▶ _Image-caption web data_
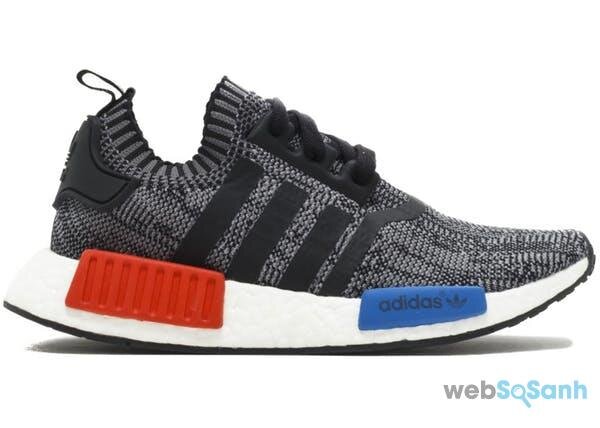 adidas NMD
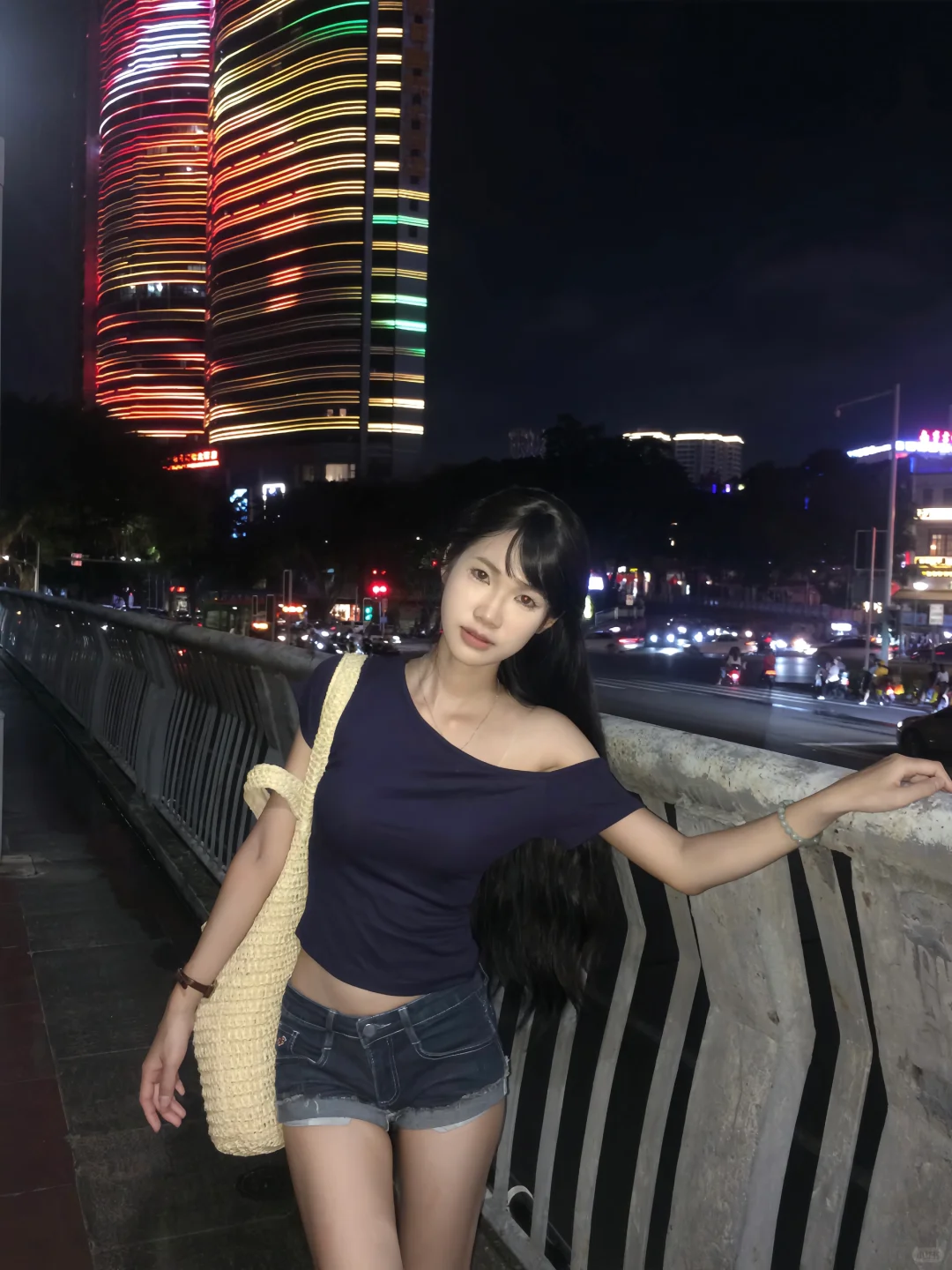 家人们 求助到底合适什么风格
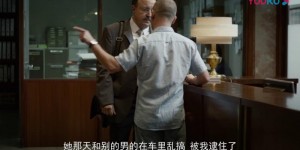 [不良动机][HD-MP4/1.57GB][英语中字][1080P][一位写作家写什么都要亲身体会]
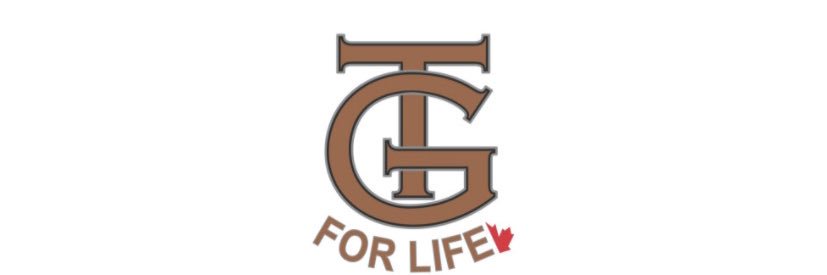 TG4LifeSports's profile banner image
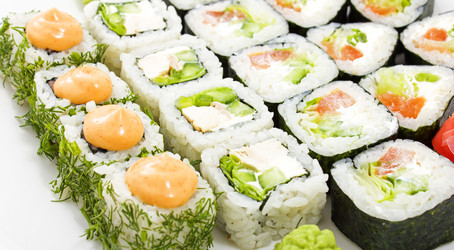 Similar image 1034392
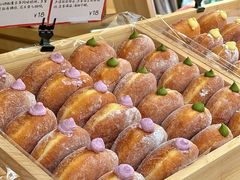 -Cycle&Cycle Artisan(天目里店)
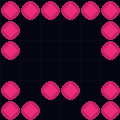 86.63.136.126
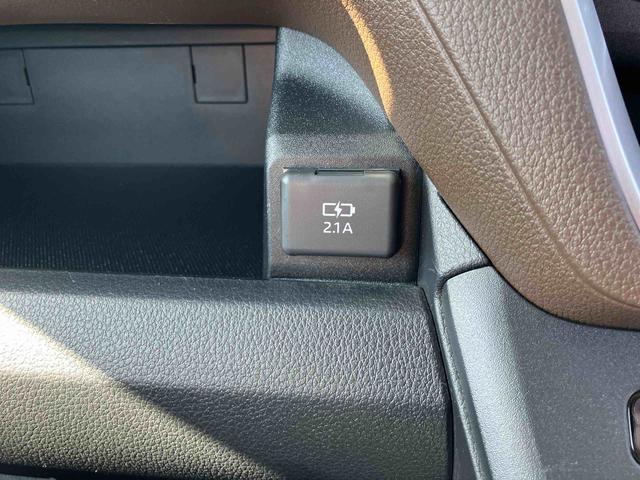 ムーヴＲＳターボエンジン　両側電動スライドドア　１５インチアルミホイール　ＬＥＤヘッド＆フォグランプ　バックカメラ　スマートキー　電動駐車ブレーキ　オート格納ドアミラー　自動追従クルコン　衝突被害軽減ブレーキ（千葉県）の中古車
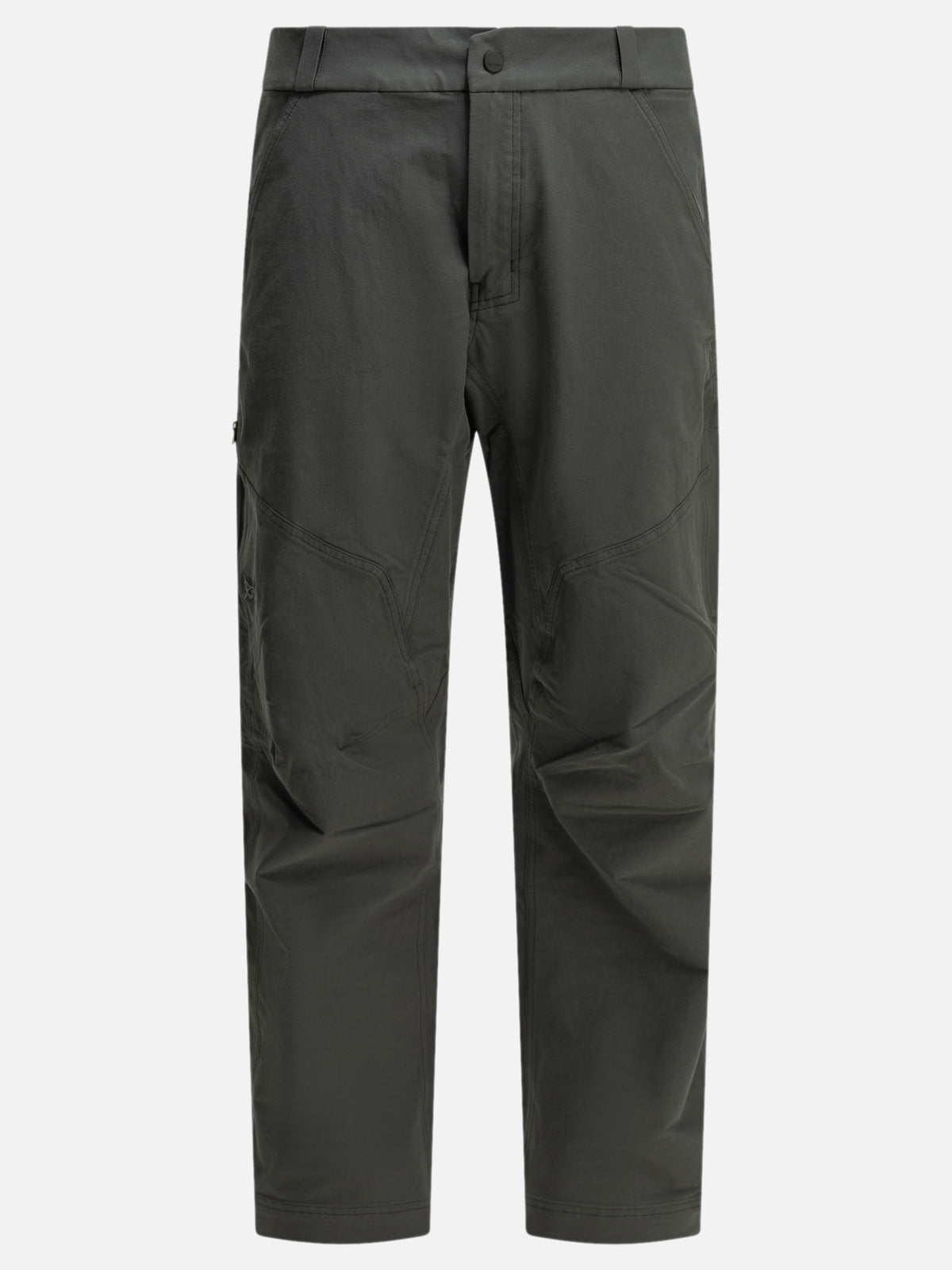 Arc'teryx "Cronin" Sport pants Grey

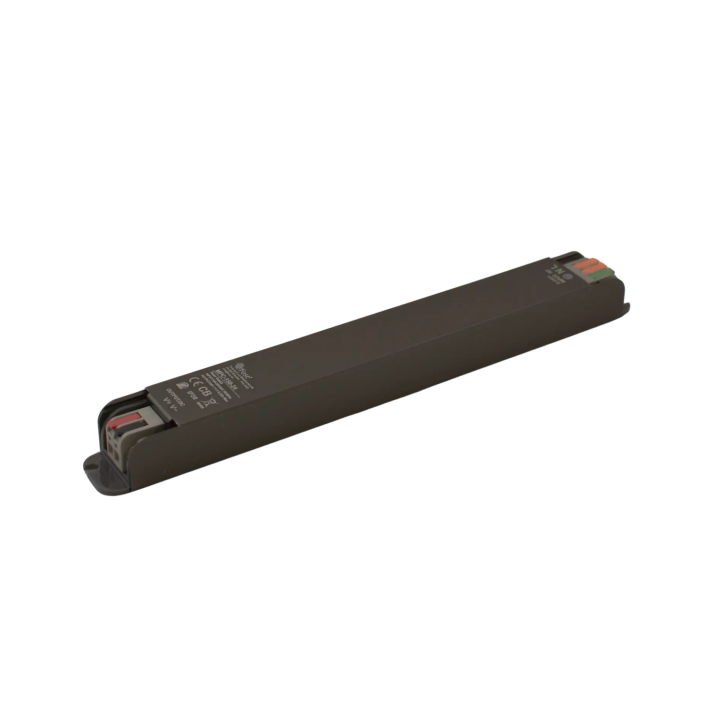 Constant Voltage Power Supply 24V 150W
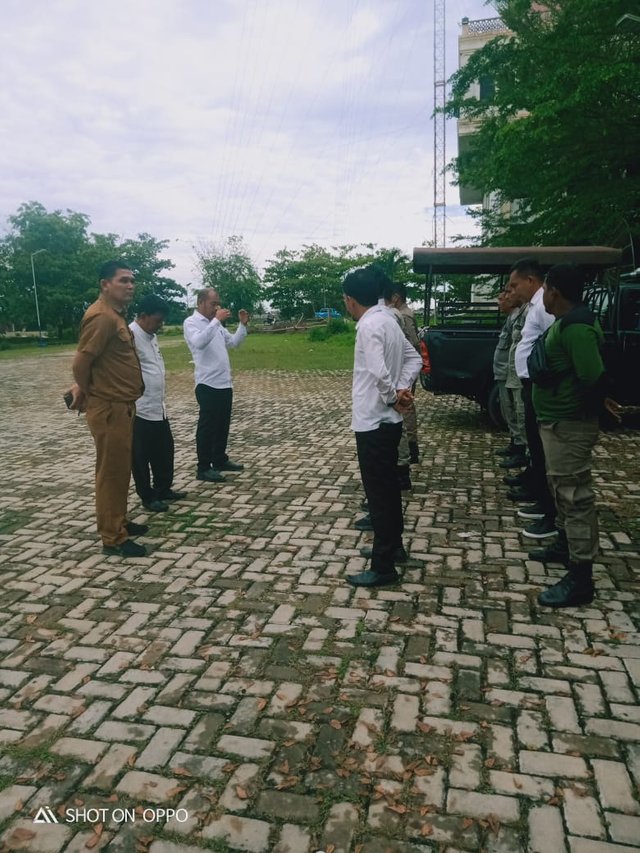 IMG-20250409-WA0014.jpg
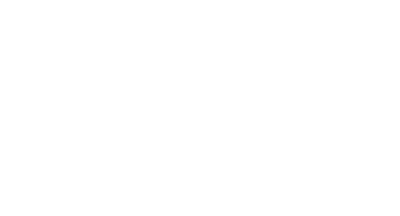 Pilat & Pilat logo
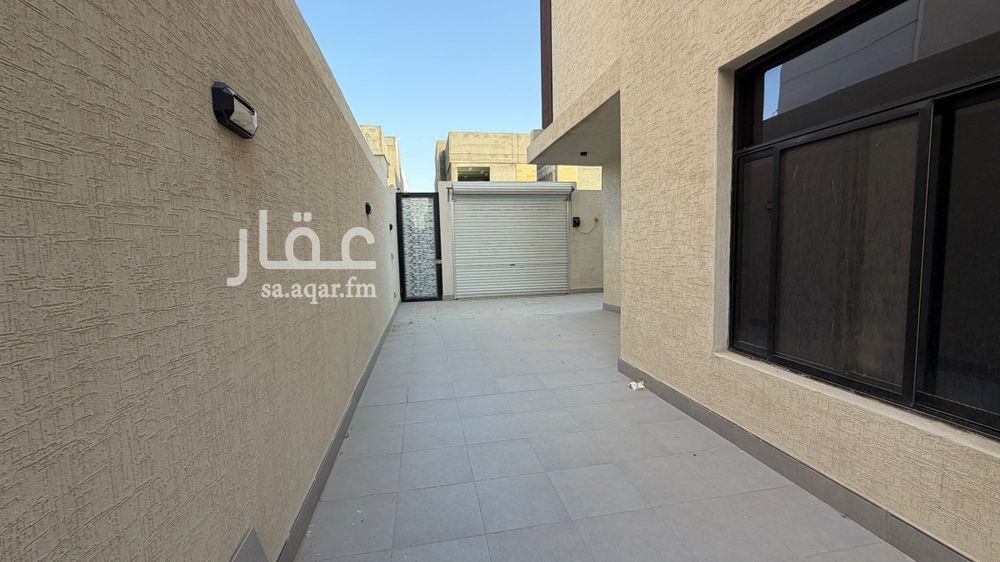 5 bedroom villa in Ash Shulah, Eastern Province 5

▶ _What you should do_
Nothing but the pictures should be left out when the records are retyped exactly.

▶ _Answer box_
 adidas NMD
 家人们 求助到底合适什么风格
 [不良动机][HD-MP4/1.57GB][英语中字][1080P][一位写作家写什么都要亲身体会]
 TG4LifeSports's profile banner image
 Similar image 1034392
 -Cycle&Cycle Artisan(天目里店)
 86.63.136.126
 ムーヴＲＳターボエンジン　両側電動スライドドア　１５インチアルミホイール　ＬＥＤヘッド＆フォグランプ　バックカメラ　スマートキー　電動駐車ブレーキ　オート格納ドアミラー　自動追従クルコン　衝突被害軽減ブレーキ（千葉県）の中古車
 Arc'teryx "Cronin" Sport pants Grey

 Constant Voltage Power Supply 24V 150W
 IMG-20250409-WA0014.jpg
 Pilat & Pilat logo
 5 bedroom villa in Ash Shulah, Eastern Province 5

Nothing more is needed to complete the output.